The American Stratfor Center for Security and Intelligence Studies (described as close to US intelligence) published an analysis in which it asserted that the Russian war in Ukraine had put the Egyptian regime on a boiling surface as it continued, the economy plummeted, and the local currency collapsed.
Despite the worsening economic conditions in Egypt, widespread waves of protest are currently unlikely, given the Egyptian regime's firm security grip and the government's plans to increase social spending to ease the sense of crisis, but if the fallout from the Ukraine war continues to drain the country's finances, Sisi's government may eventually be forced to take painful austerity measures, which could increase the risk of protests.
Among developing countries, Egypt was particularly vulnerable to the commodity price shock caused by the Ukraine war.
Earlier this month, the Egyptian currency hit an all-time low, with the exchange rate exceeding 19 Egyptian pounds per US dollar.
Inflation Crisis
Although overall inflation fell slightly in June from the previous month due to a slight decline in food prices, consumer prices are still higher than before the Ukraine war outbreak in February.
The combined impact of high inflation and the recent devaluation of the currency has increased economic pressures on Egyptians of various social classes.
Egypt's economy will remain weak as long as Ukraine's war continues to deplete Cairo's foreign exchange reserves by increasing the cost of imports, lowering tourism, and alarming foreign investors.
The devaluation of the Egyptian pound has increased the cost of imported goods (such as food and fuel), exacerbating the commodity price shock created by the war in Ukraine.
The war has also reduced the number of Ukrainian, Russian, and European tourists visiting Egypt, depriving Cairo of a significant source of foreign currency. Before the war, Russians and Ukrainians accounted for about 30 percent of tourists visiting Egypt.
Meanwhile, foreign investors have withdrawn about $20 billion from the Egyptian market this year amid rising global interest rates.

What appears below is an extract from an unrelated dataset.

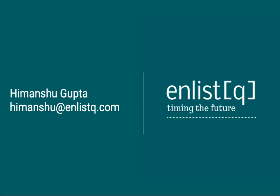If you have any comments or feedback, please leave a comment or email me at himanshu at enlistq.com. See you next time.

This loss of capital and tourism revenues—along with an increase in the cost of imports—has eroded Egypt's foreign exchange reserves ($33.4 billion at the end of June, down from about $41 billion at the end of February).
Poverty Line
The increased burden on Egyptian families has exacerbated anger against the government. However, mass protests remain unlikely for the time being due to the country's strong security grip.
Growing economic grievances are still unlikely to fuel demonstrations thanks to the dispersal of any unauthorized gatherings by security forces.
Since the Arab Spring, Egyptians generally have had a low appetite for major popular unrest. But increases in the cost of living carry the risk of fueling discontent with the system, with more than a quarter (30 percent) already living below the poverty line.
In recent months, Egyptians have increasingly turned to social media to express their anger at the government, particularly over rising prices for public transport, fuel, food, and essential goods.
If the war in Ukraine continues to hit the Egyptian economy, there is a chance (albeit minimal) that this popular anger will eventually reach levels beyond the government's ability to contain it through the usual security methods.
Cairo's plans to expand social spending and maintain commodity subsidies will mitigate unrest risks by mitigating the sense of economic crisis in the near term.
The Egyptian government's latest budget shows it is preparing for an extended period of increased government spending on population support during this period of economic uncertainty.
Before the Ukraine war, the government was considering cutting back some of these subsidies (including bread, water, and electricity), which severely affects state finances.
But in the current economic climate, the Egyptian government will try to avoid such reforms, recognizing that putting any additional pressure on Egyptians who are already suffering would risk fueling public anger.
This is especially true of food subsidies that are exceptionally politically sensitive because they help prevent the most vulnerable Egyptians from falling prey to hunger.
IMF Debt
If Egypt's economic downturn is not halted in the coming months, Cairo will likely need external funds to boost government spending, which will likely require new austerity measures that could increase pressure on Egyptian households.
If the current economic situation continues beyond the end of 2022, it leaves Egypt with no choice but to take on more debt.
Cairo is likely to push for financial assistance from Gulf states, as well as external funding from institutions such as the International Monetary Fund.
The UAE's appetite for investment in Egyptian companies could reinforce Cairo's drive to privatize government-owned companies, including those related to Egypt's defense sector.
If Egypt remains committed to privatization projects, it could contribute to a positive attitude by the International Monetary Fund, which has encouraged Egypt to build a more vital private sector.
However, finalizing any agreement with the IMF still requires Cairo's approval of economic reforms that include unpopular austerity measures.
Although the ongoing talks between the IMF and Egypt point to some division between the two sides over the pace and scope of these reforms, the current Sisi administration has previously shown a willingness to raise taxes and cut subsidies, despite the cost to Egyptian households.
If Ukraine's war continues to drain the country's finances, Cairo may be forced to impose such measures again in order to open the door to more IMF financing.